Tuesday, January 12, 2010

The Books

At the beginning there were no books.

The books were still in boxes, with most other things.

The books had been torn from their shelves like cotton in summer’s high heat, taped tightly into cardboard containers -- disorganized. In the rush to leave DC, without another tear soaking the burr burr carpet, the books were packed according to size, Tetris’ed into tight spaces for conservative packaging. These books were not used to sharing mixed company.

Hughes and MacLean were in tight quarters, which may have not bothered Hughes, but most certainly would have prompted an adjustment in the pacemaker of MacLean. Conrad and Greene brushed Hearts, but they had done so enough times before that the close proximately provided solace. Heller and O’Toole did not find each other as entertaining as one might think, and DuBois and Hawthorne were equally as unimpressed.

Together they took a long journey, though, secured among dressers and chairs, picture frames and pencil sharpeners, in the back of the orange branded UHaul truck. Before, before they had been in the truck, before they had been in boxes, they had learned to share shelves with strangers. Mostly women, many aggressive, some silent as the night. They were not impressed with the thought of finding new shelves, after they had finally settled into the warping warm curve of the built ins of the basement apartment.

Starting over is not the forte of paper people. It is not the forte of people made of flesh, for that matter.

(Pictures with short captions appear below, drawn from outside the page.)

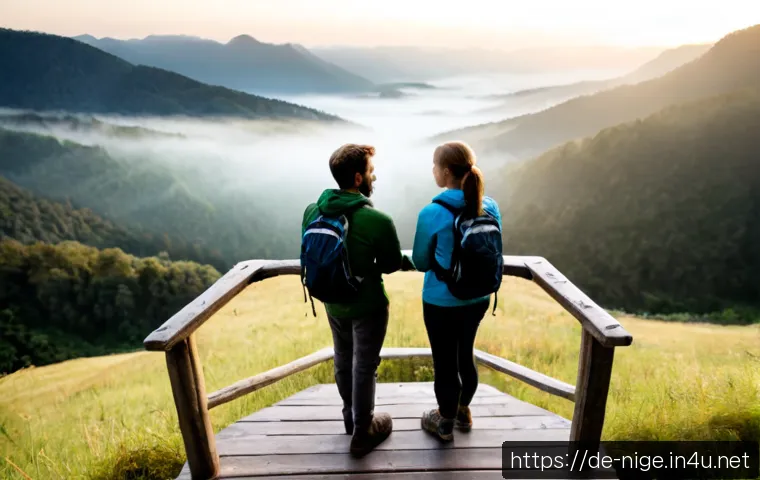 야랑고 국립공원 여행기 - Photorealistic travel scene in Yarango National Park, a German couple in practical hiking clothes st...
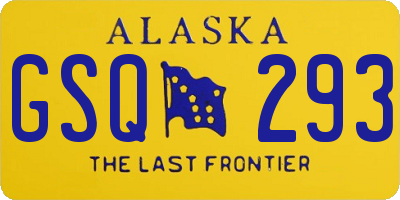 AK license plate GSQ293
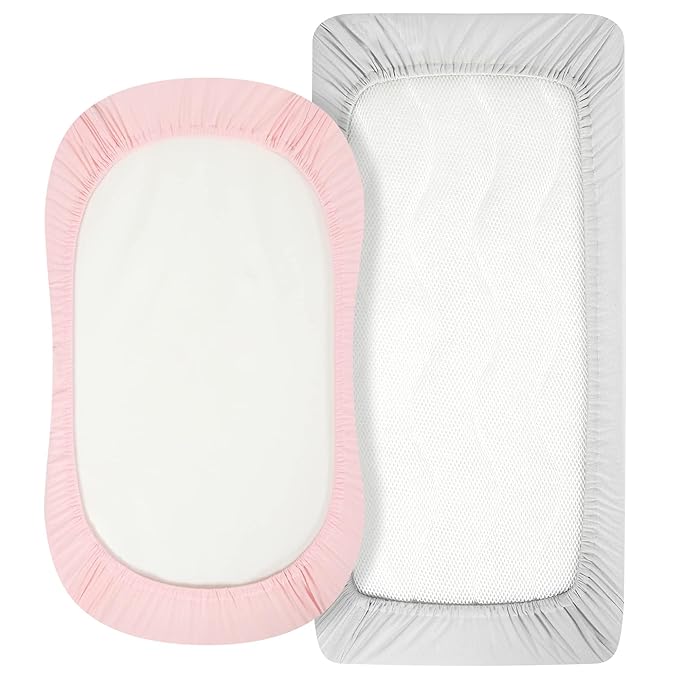 TILLYOU Baby Bassinet Sheets for Girls Boys, Fit for Hourglass Oval Rectangle Bassinet Mattress Sheets, 33”X16”, 2 Pack Gray and Pink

When the truck had unloaded, when the tape was pulled back, and the books transplanted to new milk-crates and vertical domiciles, they shuffled a little. They shuffled and sighed and settled. They found comfort in being back with their categorical comrades, and looked fondly upon the tiny tears in their pages brought on by the journey they had survived.

Birds once Bees

Eleanor used to say, “Now we're cooking with gas”, and Ray “that'll be the day” again and again in everyday conversation. They would say it in tandem. Ray would speak over El, El over Ray and their propensity to anticipate each other didn't stop with movie catch phrases. If one watched television, the other turned a radio dial. When disciplining one child, another was sure to hear hell. They had a natural buoyancy unsuitable for anything outside the realm of elastic love. So that when El complained, Ray atoned. When El lamented, Ray purchased. When El thumbed through a photo album of Ray making memories and spoke of her happiness for the first time in years, Ray died.

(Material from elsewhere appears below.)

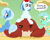 Size: 1500x1200 | Tagged: safe, artist:epulson, derpibooru import, dj pon-3, lyra heartstrings, trixie, vinyl scratch, oc, oc:tom the crab, crab, pony, unicorn, beach, cap, do you even lift, giant crab, hat, meme, sand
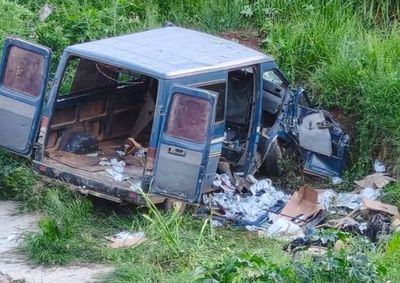 Ve&iacute;culo apresentou falhas no freio durante trecho &iacute;ngreme e foi parar em barranco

All I ever knew of my grandparents were their differences. Blue and pink, coffee and tap water, brick and linen. We would play a game of conversation tennis. Anyone other than my grandmother and grandfather would lob their head from one side to the other whenever they spoke. Arguments weren't heated, nor were they controlled. They lobbed up and down like strokes of a wave. So it never felt threatening. No one anticipated a divorce or a scandal. We all sat, seasick in our seats, waiting for one or the other to do one thing so we could witness its opposite. Ray would tend to the cherry tomatoes. El would read the diary of her youngest daughter.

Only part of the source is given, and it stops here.